Dans le monde

Algérie : trois ans après le déclenchement du Hirak

Le 22 février 2019, la candidature du président Abdelaziz Bouteflika à un cinquième mandat déclenchait le Hirak, le plus grand mouvement de contestation populaire depuis l’indépendance. Trois ans après, l’espoir d’un changement a débouché sur une profonde désillusion.

Le système politique corrompu que les classes populaires aspiraient à dégager est toujours là. Quelques anciens gros bonnets du clan Bouteflika sont en prison, mais d’autres ont pris la place. Pour mettre un terme à la crise politique ouverte par le Hirak, le président Tebboune, et derrière lui l’armée, accentuent la répression pour étouffer toute contestation. Les droits démocratiques, la liberté d’expression, de réunion, d’association sont piétinés.

Au 9 février, plus de 340 personnes étaient emprisonnées pour leurs opinions, des hirakistes, des journalistes, des blogueurs, des militants ou de simples travailleurs. Depuis, une quarantaine d’autres ont été arrêtées. Elles sont accusées « d’incitation à attroupement non armé », de « diffusion d’informations mensongères sur les réseaux sociaux » ou encore d’ « atteinte à l’unité nationale ». Deux organisations, le MAK (Mouvement autonomiste kabyle) et le parti islamiste Rachad, ont été qualifiés de terroristes. La répression frappe aussi les organisations de gauche, comme le MDS, dont le dirigeant, Fethi Gares, a été condamné à deux ans de prison pour s’être exprimé contre la répression, ou le PST (Parti socialiste des travailleurs) dont les activités viennent d’être suspendues.

La répression s’abat aussi sur les travailleurs. Une loi récente criminalise les protestations de rue, les blocages de route, les occupations de mairies, qui sont des moyens d’action couramment utilisés par les chômeurs, les demandeurs de logement, d’accès au gaz… Désormais, ils encourent jusqu’à vingt ans de prison. Et, pour avoir des syndicats encore plus dociles, le gouvernement entend promulguer une loi qui interdit la présence de militants politiques dans les syndicats.

Le gouvernement cherche ainsi à réinstaller le climat de peur qui prévalait avant le déclenchement du Hirak. Cependant, tout en affichant son autoritarisme, le régime craint que le mécontentement social ravive la contestation. Aussi, tout en resserrant l’étau sur le plan des libertés, Tebboune prétend agir contre la misère qui s’étend. La promesse d’augmenter en juin les salaires des employés de l’État a été avancée à mars. Avec la suppression d’un impôt, l’IRG, deux à cinq mille dinars (dix à trente euros) sont allés dans la poche des travailleurs. Somme attendue, mais qui s’est révélée dérisoire au regard de l’inflation. En effet, avec la chute du dinar et la hausse des prix, le pouvoir d’achat s’est effondré, le prix de certains produits de base a été multiplié par deux ou trois. À cela s’ajoutent des pénuries. Celles sur la pomme de terre, l’huile ou le lait en poudre compliquent la vie des familles. Le gouvernement accuse les spéculateurs, mais son choix de favoriser l’exportation de ces produits alimentaires joue un rôle dans ces pénuries qui exaspèrent la population.

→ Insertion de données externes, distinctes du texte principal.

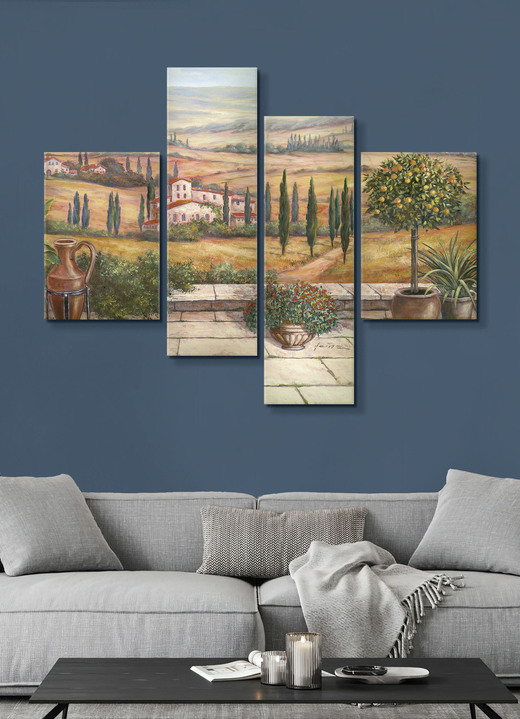 Landschaft - Bild, 4-teilig, in Farbe BUNT Ansicht 1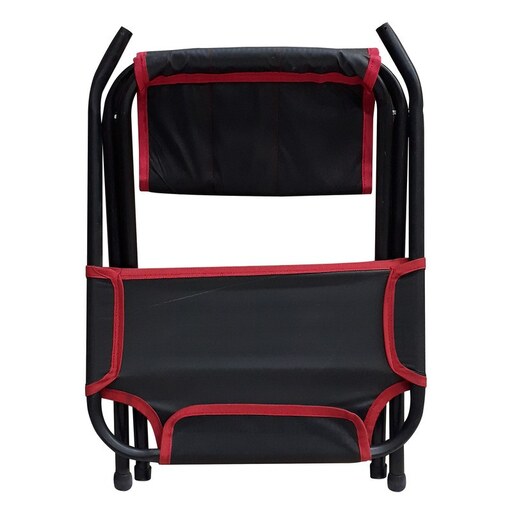 صندلی سفری تاشو - مدل پشتی دار - مقاوم و مستحکم - رنگ کرم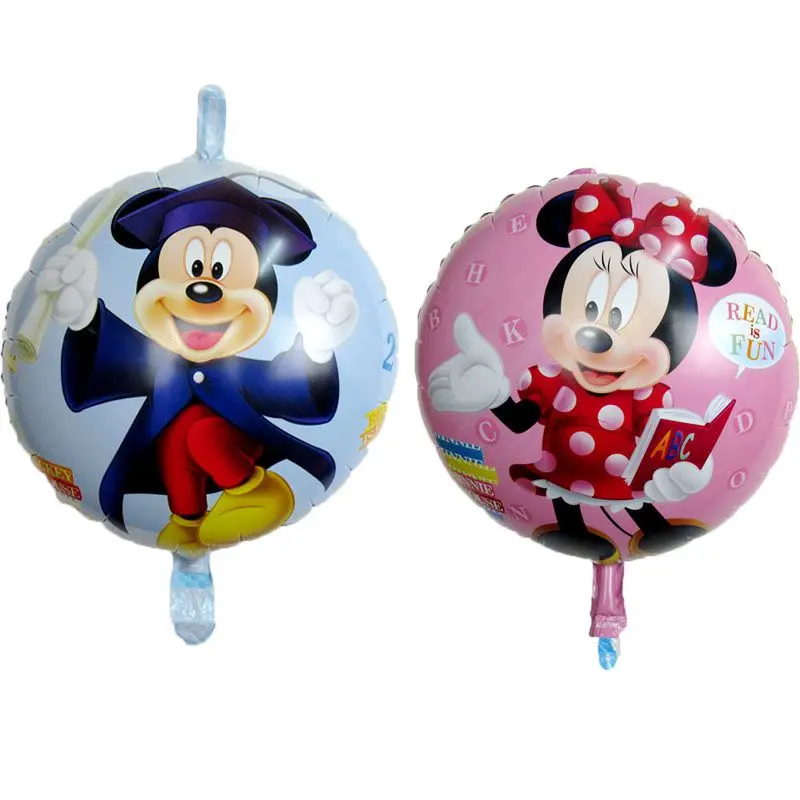

5PCS 18inch cute Mickey doctor balloons cartoon Mickey Minnie mouse helium Ballons Kids Birthday Party Wedding Decorations 45cm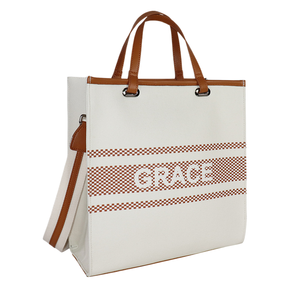 Bolsa de Playa Grande Azul Marino 2026, Bolsa de Compras Personalizada de Lona con Bordado Premium, Bolsas de Hombro para Mujer con Borlas - Product Image 1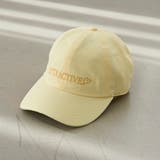 CREAM | 推しカラー刺繍キャップ | coen【women】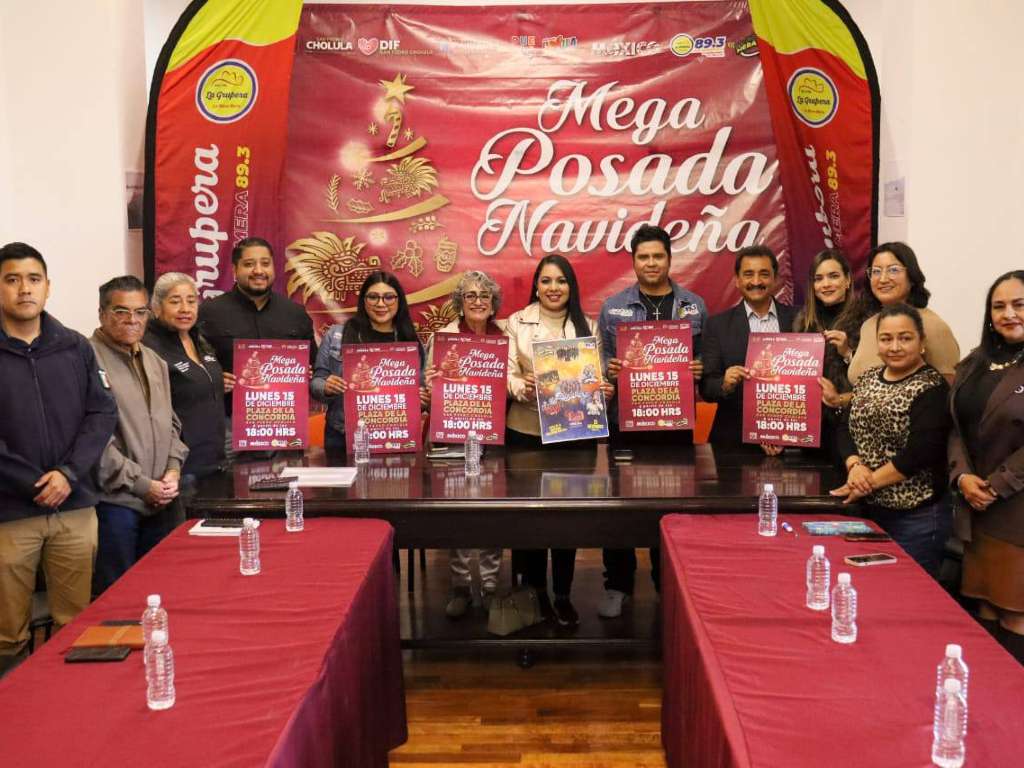 Presenta San Pedro Cholula su Mega Posada Navideña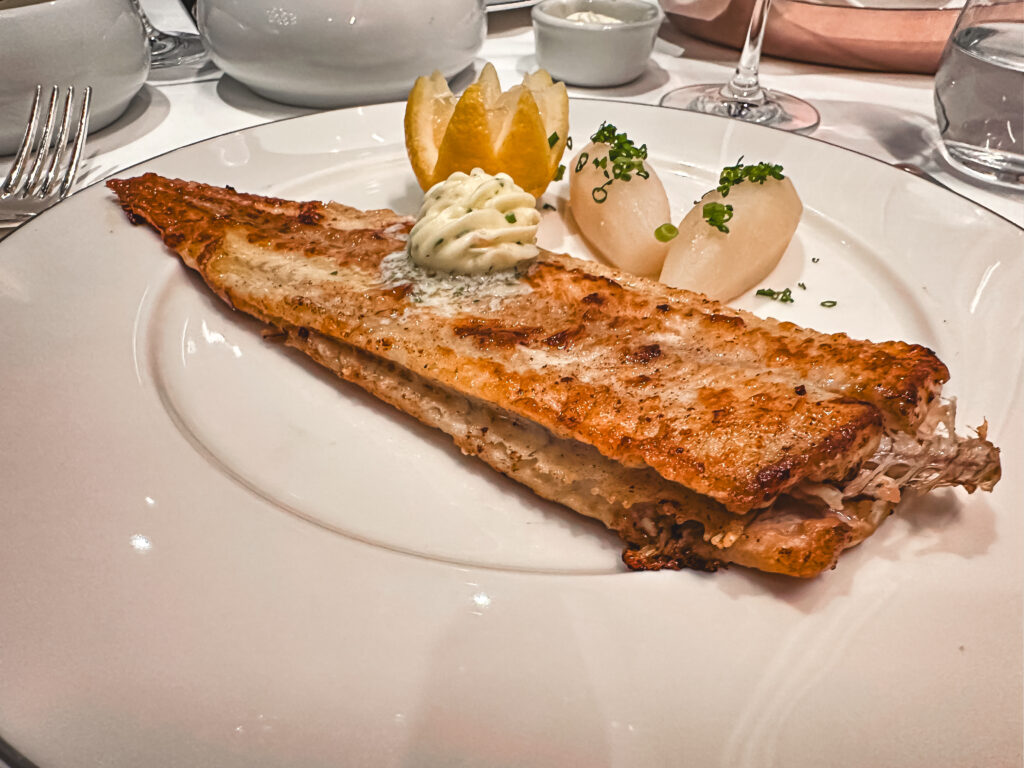 Dover Sole served tableside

À l’automne dernier, pour répondre aux exigences du FMI et de la bourgeoisie algérienne, Tebboune avait acté, dans la loi de finances 2022, la fin des subventions sur les produits de base mises en place après l’indépendance du pays. Pour l’instant, il semble temporiser. Ainsi, pour faire baisser les prix de la semoule et des pâtes, il a supprimé des taxes sur les céréales.

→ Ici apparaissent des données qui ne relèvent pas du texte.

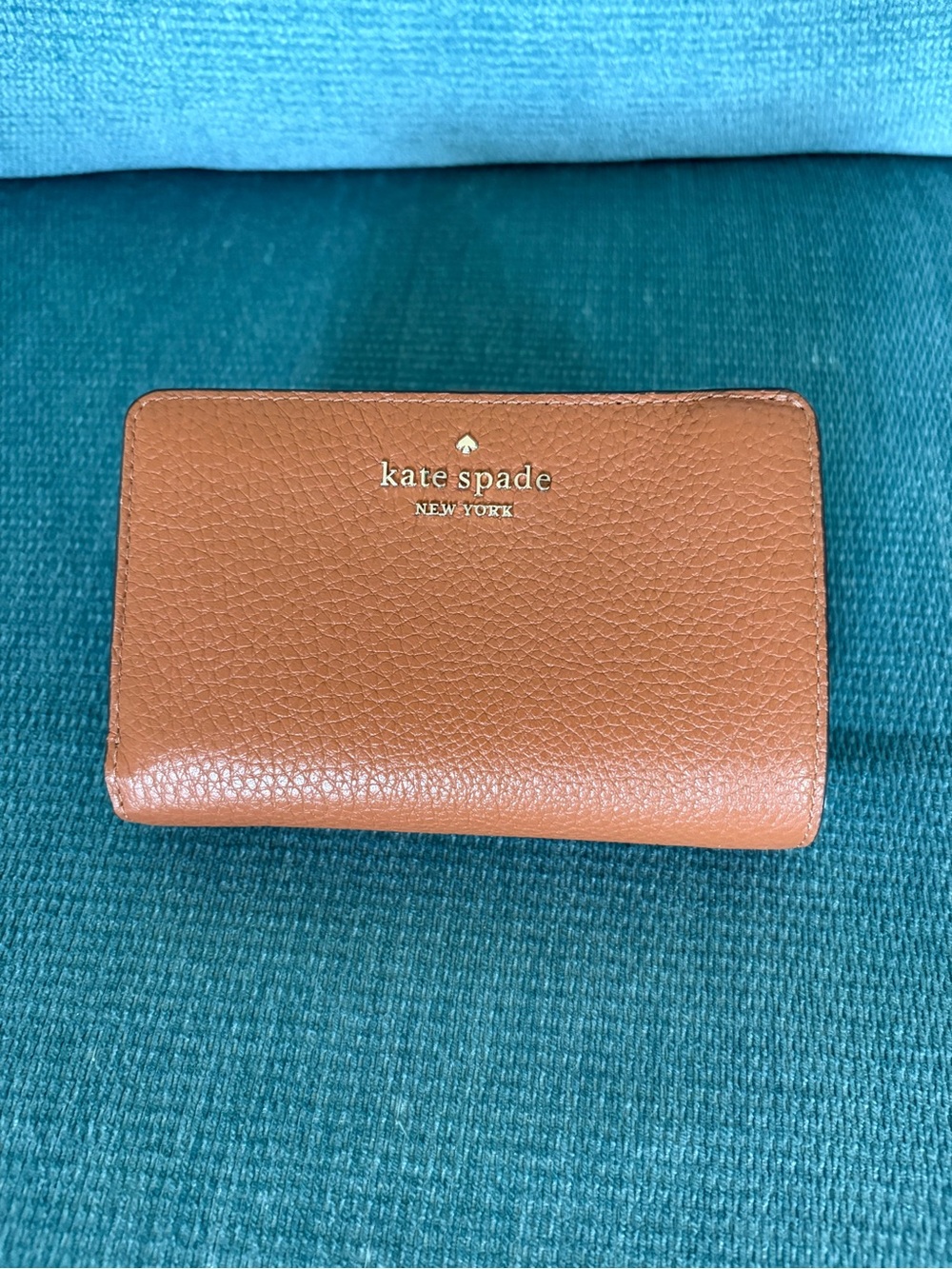 Kate Spade Staci Medium Compact Bifold Wallet Orange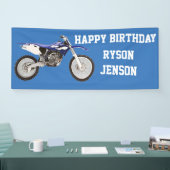 ハッピーバースデーダートバイクチャイルドの誕生日バナー 横断幕 (トレードショー)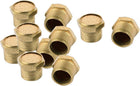 3/8BSP Male Thread Brass Air Pneumatic Noise Reduce Filter Exhaust Muffler 10Pcs
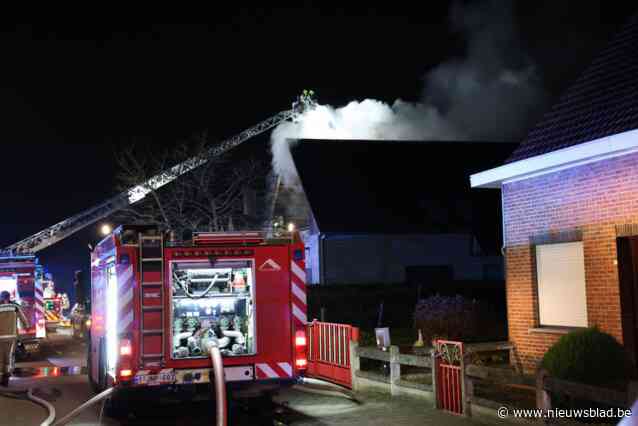 Veel schade door brand aan recent gerenoveerd huis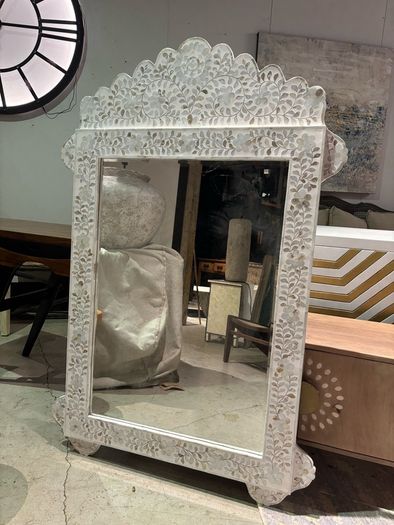 Large mother of Pearl mirror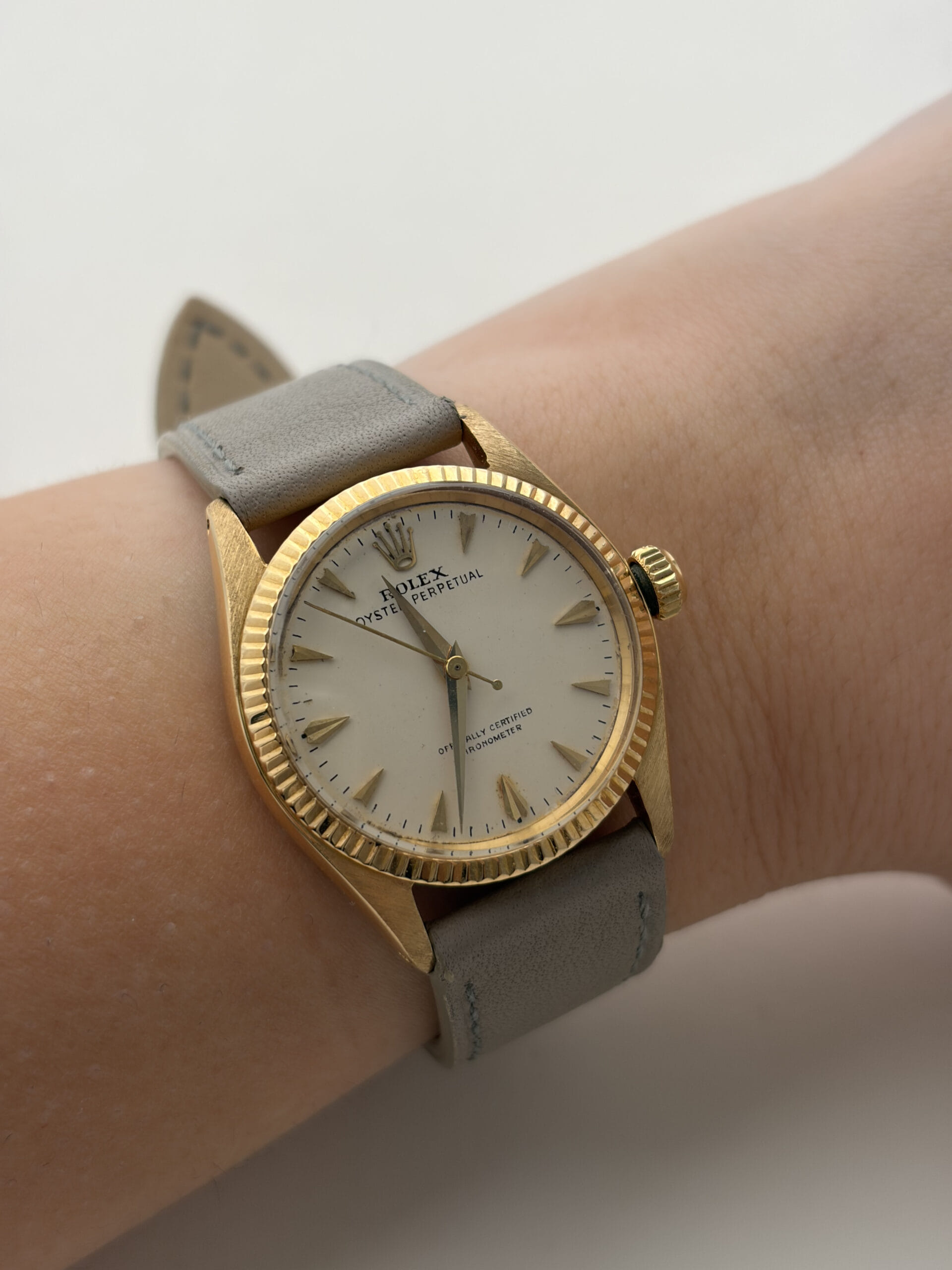 Rolex oyster perpetual medio 31 mm oro 18 kt-8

Et puis, Tebboune vient d’annoncer fièrement que l’Algérie est le premier État africain à mettre en place une allocation pour les chômeurs. Elle sera de 13 000 dinars (65 euros). Cela a provoqué une ruée devant les agences de l’emploi. Des centaines de milliers de travailleurs non déclarés, qui ont perdu leur emploi, se demandent s’ils pourront toucher cette allocation.

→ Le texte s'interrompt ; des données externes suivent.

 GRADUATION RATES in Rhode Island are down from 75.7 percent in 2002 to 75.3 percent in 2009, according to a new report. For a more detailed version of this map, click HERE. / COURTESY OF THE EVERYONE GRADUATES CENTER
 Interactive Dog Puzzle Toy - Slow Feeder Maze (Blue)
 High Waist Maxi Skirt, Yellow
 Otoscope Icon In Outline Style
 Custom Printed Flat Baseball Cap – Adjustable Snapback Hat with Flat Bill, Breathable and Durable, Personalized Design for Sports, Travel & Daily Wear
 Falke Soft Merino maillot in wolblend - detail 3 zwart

Cette annonce intervient alors que 40 % des jeunes sont au chômage. Officiellement, un million de travailleurs ont perdu leur emploi depuis le début de la pandémie. Faute de clients, de nombreux commerces et restaurants ont dû baisser le rideau. Le secteur de la construction n’a pas redémarré. Quant aux usines liées au secteur de l’assemblage automobile, elles ont toutes fermé. En vue de leur privatisation, de nombreuses entreprises publiques de production sont à l’abandon, des milliers de travailleurs qui ne perçoivent plus leur paie depuis des mois se battent, le dos au mur.

Toutes les mesures du gouvernement n’empêcheront pas les classes populaires de s’enfoncer dans la misère, et la colère que Tebboune veut museler et contenir finira par exploser.